> EXERCISE REQUIREMENTS: Return an exact copy of the data, starting at its first line and ending at the line that contains "Embajador chino dice", minus any pictures.

******

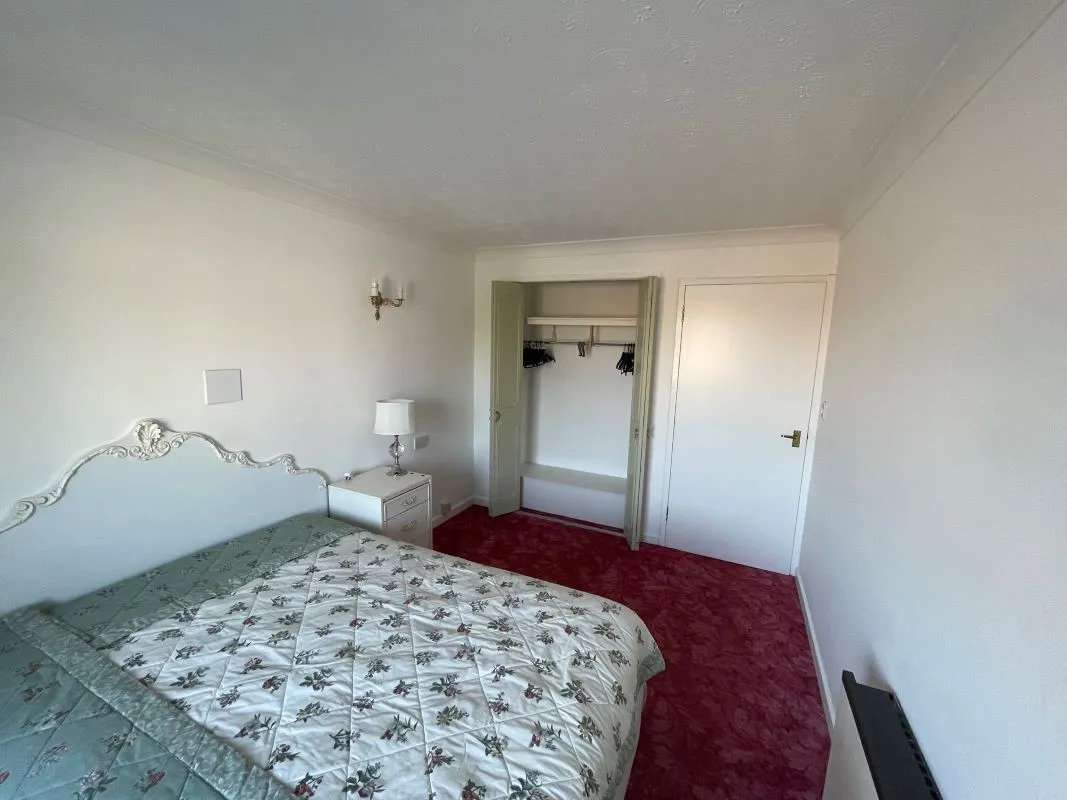 Flat 22 Homewell House, The Moors, Kidlington, Oxfordshire, OX5 2XT
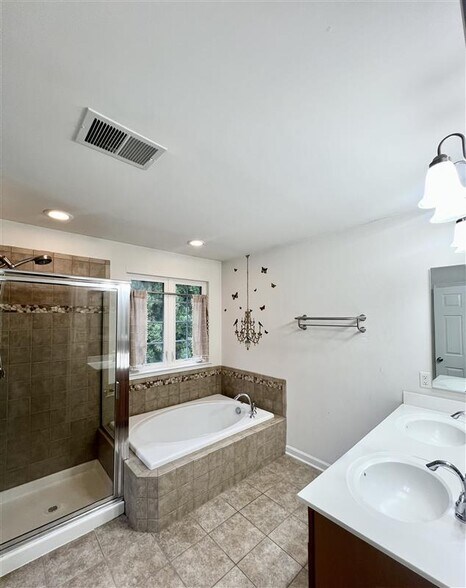 primary bath - 1305 Boulder Creek Rd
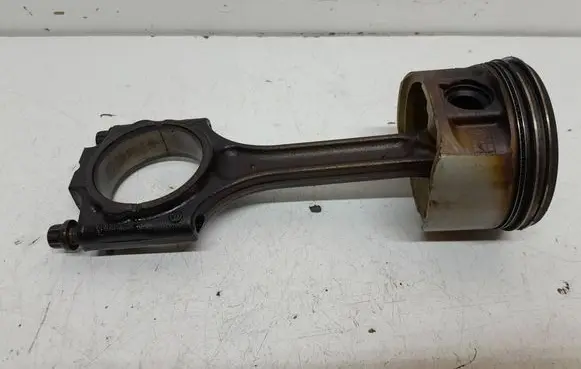 Volvo S60 Piston with connecting rod 24608A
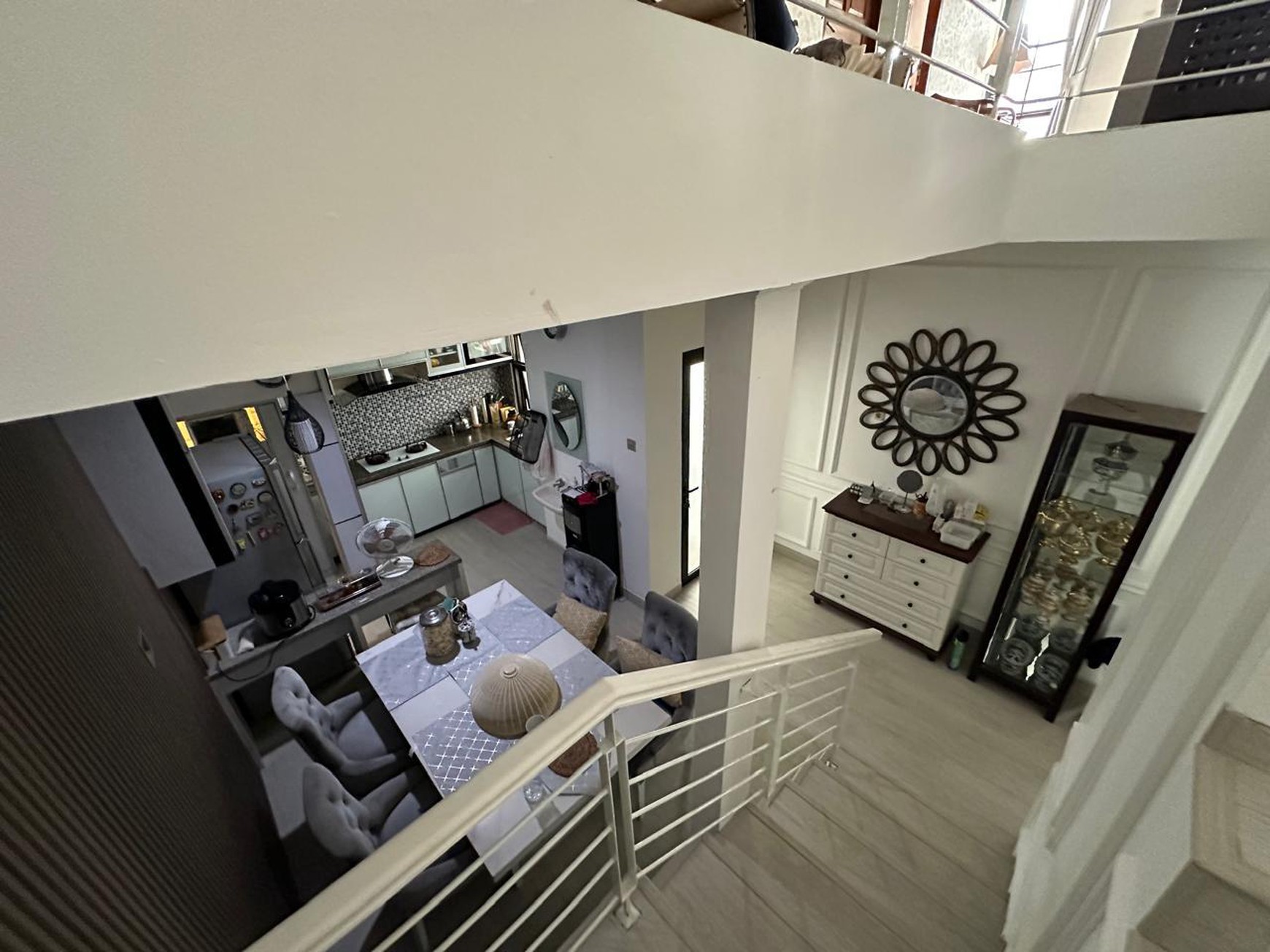 Rumah Mewah di Graha Raya Bintaro Siap Huni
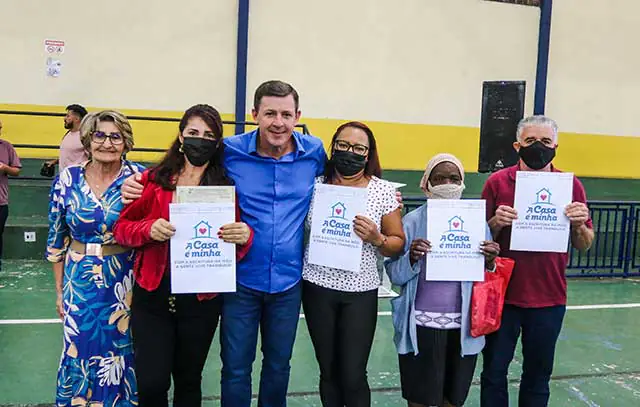 Prefeito Orlando Morando entrega escrituras no Sítio Bom Jesus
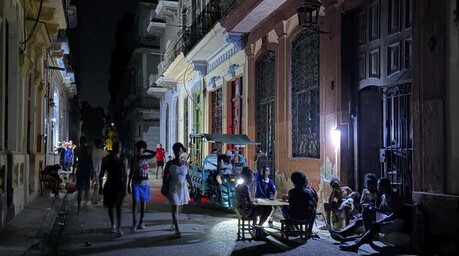 Embajador chino dice que Pekín no se queda de brazos cruzados ante la crisis en Cuba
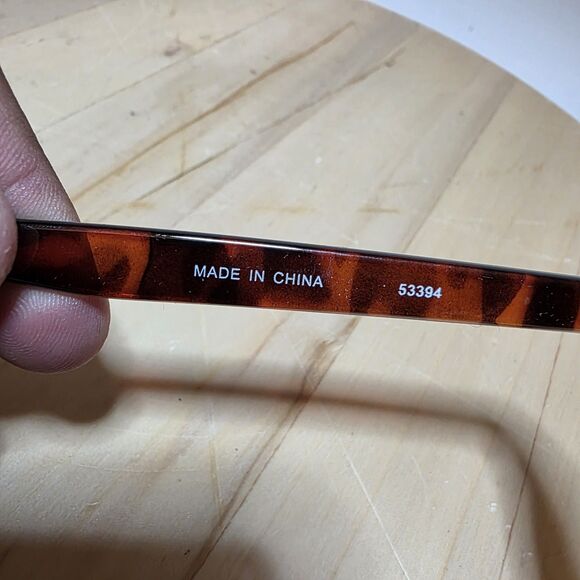 A.J. Morgan 53394 Soho Rectangular Sunglasses Brown Tortoise Unisex No Case - Picture 8 of 10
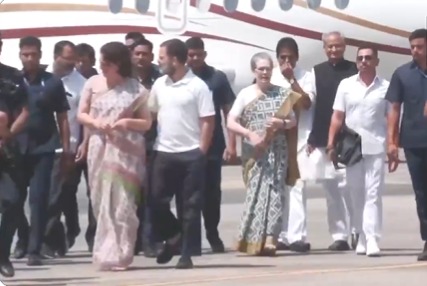 फुरसतगंज हवाई अड्डे पर सोनिया गांधी, राहुल और प्रियंका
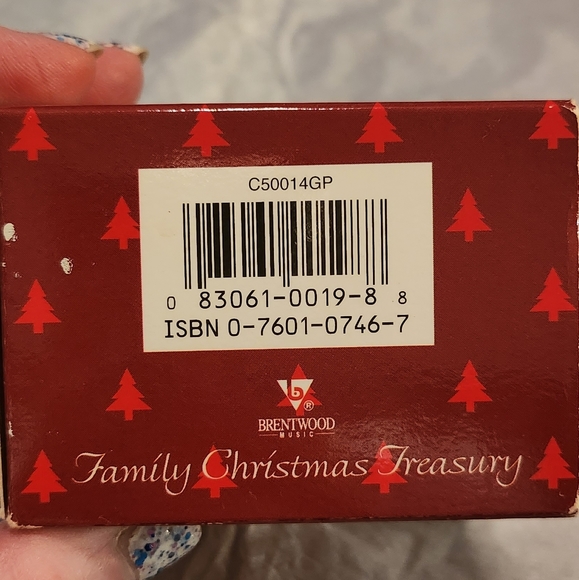 VINTAGE Family Christmas Treasury 3 Cassette Tapes - Picture 5 of 6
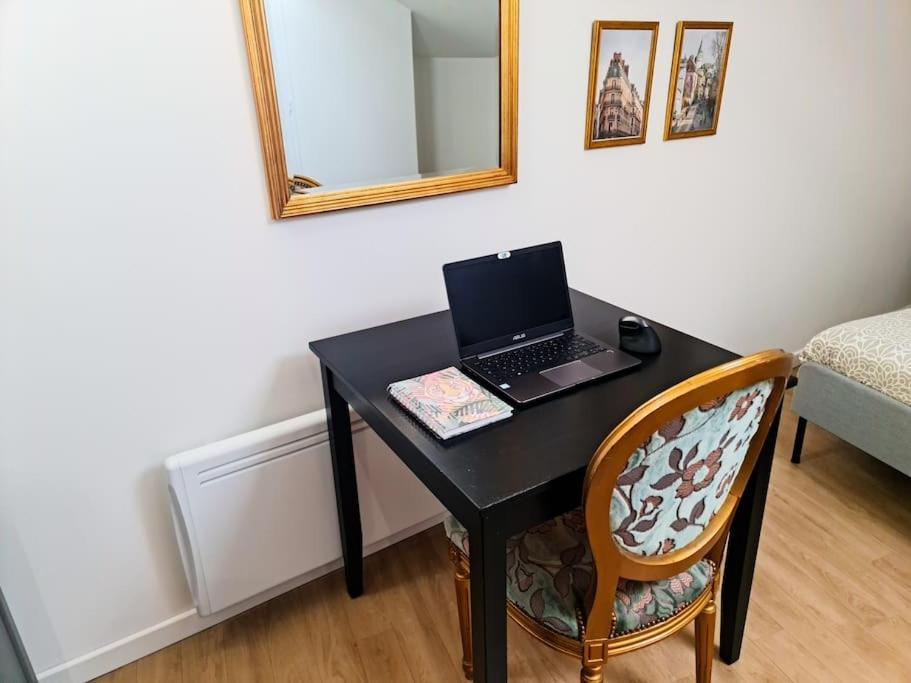 Atelier Casanova Apartment Vitry-sur-Seine Bagian luar foto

******

> EXERCISE RESPONSE:
 Flat 22 Homewell House, The Moors, Kidlington, Oxfordshire, OX5 2XT
 primary bath - 1305 Boulder Creek Rd
 Volvo S60 Piston with connecting rod 24608A
 Rumah Mewah di Graha Raya Bintaro Siap Huni
 Prefeito Orlando Morando entrega escrituras no Sítio Bom Jesus
 Embajador chino dice que Pekín no se queda de brazos cruzados ante la crisis en Cuba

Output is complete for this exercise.